Geração E

Israel: uma guerra mortífera mas sem vitórias

Israel: uma guerra mortífera mas sem vitórias

António Valentim Domingos

Consultor em Public Affairs

Para Israel, o Hezbollah sempre representou uma ameaça real. Atualmente, o grupo tem capacidade para atingir as principais cidades, infraestruturas civis e militares israelitas. Ciente disso Telavive optou retaliar de forma faseada

Passado um ano desde o início da Guerra em Gaza, Israel não alcançou os objetivos que traçou. Gaza é um desastre humanitário, o Hamas não foi derrotado, a guerra alastrou ao Líbano e a probabilidade de termos uma guerra em larga escala no Médio Oriente é elevada.

Após os ataques do Hamas a 7 de outubro, Netanyahu traçou 3 objetivos estratégicos irrealistas para a Guerra em Gaza: desmilitarizar o Hamas e a Jihad Islâmica, resgatar os reféns e impedir que o território voltasse a ser uma ameaça à segurança de Israel. Não alcançou nenhum.

Face a uma clara superioridade numérica e tecnológico-militar, porque é que Israel ainda não alcançou os seus objetivos?

Sem dúvida que o exército israelita enfraqueceu a capacidade militar do Hamas, mas não conseguiu erradicá-lo como havia prometido. A guerra convencional de Benjamin Netanyahu falhou. Deveu-se, em parte, a um erro de cálculo brutal quanto à determinação e sobrevivência do Hamas. Israel está a perder, porque estabeleceu objetivos políticos com recurso ao uso da força militar, num território extremamente povoado onde a sua presença não é bem-vinda.

O Hamas não vencerá Israel por ser militarmente superior, mas sim porque o não-regresso dos reféns dificulta a posição de Telavive em afirmar que a operação em Gaza foi um sucesso. Netanyahu cometeu um erro colossal quando o afirmou, ainda que a sua sobrevivência política dependa disso.

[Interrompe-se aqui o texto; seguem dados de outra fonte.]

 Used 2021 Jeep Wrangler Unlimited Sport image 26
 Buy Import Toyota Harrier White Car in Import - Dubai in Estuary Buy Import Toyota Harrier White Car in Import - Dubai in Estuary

Israel cometeu o mesmo erro em 2006, quando o Hezbollah atacou uma patrulha de soldados israelitas na fronteira com o Líbano e capturou dois soldados. Dias depois, o então Primeiro-Ministro israelita, Ehud Olmert, anunciou uma guerra rápida contra o grupo terrorista e prometeu o resgate dos militares. Bastou ao Hezbollah esconder os prisioneiros, para que Israel nunca pudesse reclamar uma vitória, ainda que tenha terraplanado o sul do Líbano.

Apoiado pelo Irão, o Hezbollah, surgiu durante o caos da Guerra civil libanesa (1975-1990), para resistir à invasão das tropas israelitas no sul do Líbano em 1978 e 1982. Desde o ataque de 7 de outubro, o Hezbollah lançou uma guerra não provocada de baixa intensidade contra Israel tendo obrigado ao deslocamento para sul de 60 mil civis israelitas. Tanto o Hezbollah como o Irão acreditavam que Telavive hesitaria em entrar novamente num conflito direto com o grupo.

O que mudou no cálculo estratégico israelita?

Para Israel, o Hezbollah sempre representou uma ameaça real. Atualmente, o grupo tem capacidade para atingir as principais cidades, infraestruturas civis e militares israelitas. Ciente disso Telavive optou retaliar de forma faseada.

Começaram por neutralizar as comunicações do Hezbollah através de ataques aos sistema de pagers e walkie-talkies, seguindo-se a destruição de depósitos de armamento. A 27 de setembro, Israel atingiu o complexo onde se encontrava o líder Hassan Nasrallah e grande parte dos comandantes secundários, desarticulando temporariamente a liderança do grupo xiita. Esta ofensiva permitiu às tropas israelitas ganhar uma vantagem tática inicial, abrindo caminho para a incursão terreste limitada, atualmente em curso.

O alastramento da guerra ao Líbano e escalada crescente entre o Irão e Israel, resultante do ataque iraniano de 1 de outubro, em retaliação às mortes de Ismail Haniyeh, líder político do Hamas assassinado em Teerão, e de Hassan Nasrallah, pode atirar os dois países para um conflito direto e arrastar o Médio Oriente para uma situação ainda mais dramática. Resta saber a dimensão da resposta de Israel ao Irão.